Step 2: Apply Conservation of Momentum
Before the explosion, the total momentum of the system is zero because the body is at rest. After the explosion, the vector sum of the momenta of the three pieces must remain zero.
The two pieces of mass $m$ each move perpendicular to each other, so their momenta can be represented as:
Momentum of first piece: $m \cdot v$ along the x-axis (for instance).
Momentum of second piece: $m \cdot v$ along the y-axis (perpendicular to the first one).
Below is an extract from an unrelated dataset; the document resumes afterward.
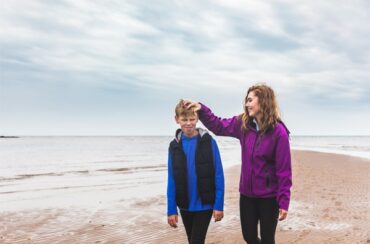 girl and boy walking on the beach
The third piece of mass $2m$ must move in such a way that its momentum balances the vector sum of these two perpendicular components. The resultant momentum of the first two pieces is:
$$
\sqrt{(m\,v)^2 + (m\,v)^2} = m v \sqrt{2}.
$$
Hence, to conserve momentum, the momentum of the third piece (mass $2m$) should be equal in magnitude and opposite in direction to this resultant, so:
$$
2m \, v_1 = m v \sqrt{2}.
$$
Therefore,
$$
v_1 = \frac{m v \sqrt{2}}{2m} = \frac{v}{\sqrt{2}}.
$$
Step 3: Compute the Total Kinetic Energy
The kinetic energy (KE) of each piece is given by $\tfrac{1}{2} m_i v_i^2$, where $m_i$ and $v_i$ are the mass and speed of that piece, respectively. Summing for all three pieces:
Kinetic energy of first piece (mass $m$, speed $v$):
$$
\frac{1}{2} m v^2.
$$
Kinetic energy of second piece (mass $m$, speed $v$):
$$
\frac{1}{2} m v^2.
$$
Kinetic energy of third piece (mass $2m$, speed $v_1 = \frac{v}{\sqrt{2}}$):
$$
\frac{1}{2} \cdot 2m \cdot \left(\frac{v}{\sqrt{2}}\right)^2 \;=\; m \cdot \frac{v^2}{2}.
$$
Adding these contributions:
$$
\frac{1}{2} m v^2 + \frac{1}{2} m v^2 + m \cdot \frac{v^2}{2}
= m v^2 + \frac{m v^2}{2}
= \frac{3}{2} m v^2.
$$
Step 4: State the Final Answer
The total kinetic energy released in the explosion is
$$
\frac{3}{2}\, m\, v^2.
$$